> **What you will do**
All of the lines below need to be copied exactly, apart from the pictures.

> **Dataset extract**
▬▬▬▬▬▬▬▬▬▬
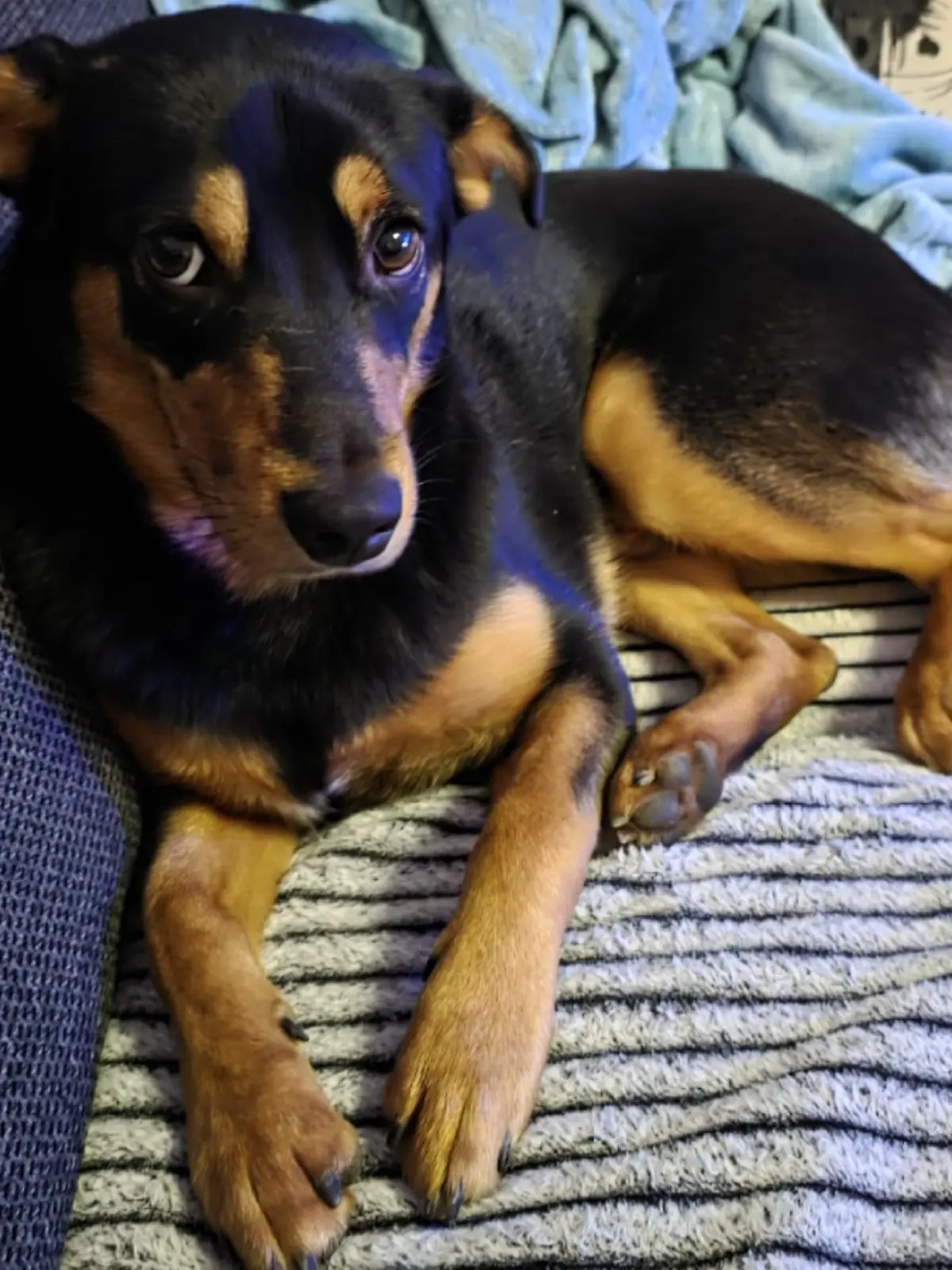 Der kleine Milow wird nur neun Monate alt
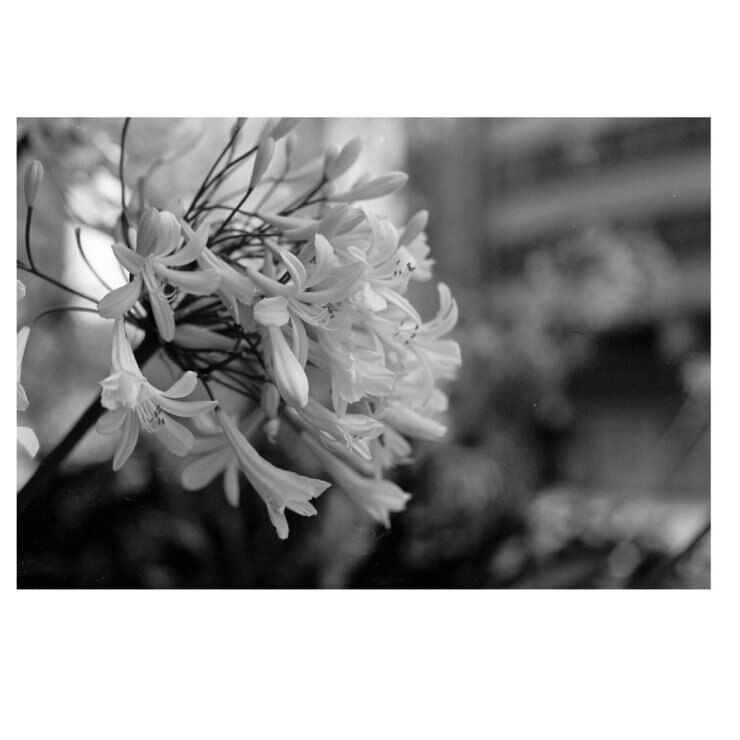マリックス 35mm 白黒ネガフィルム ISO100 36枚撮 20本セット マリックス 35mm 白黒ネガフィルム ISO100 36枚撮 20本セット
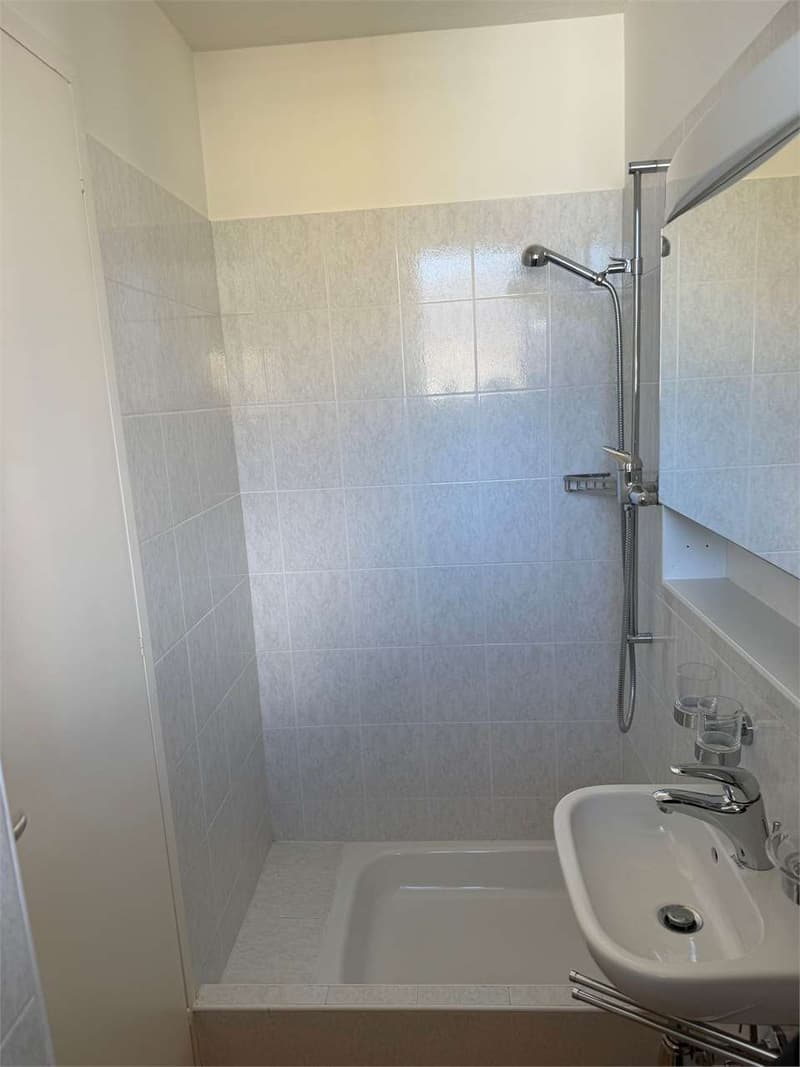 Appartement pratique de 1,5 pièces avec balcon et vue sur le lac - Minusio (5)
▬▬▬▬▬▬▬▬▬▬
> **Written response**
 Der kleine Milow wird nur neun Monate alt
マリックス 35mm 白黒ネガフィルム ISO100 36枚撮 20本セット マリックス 35mm 白黒ネガフィルム ISO100 36枚撮 20本セット
 Appartement pratique de 1,5 pièces avec balcon et vue sur le lac - Minusio (5)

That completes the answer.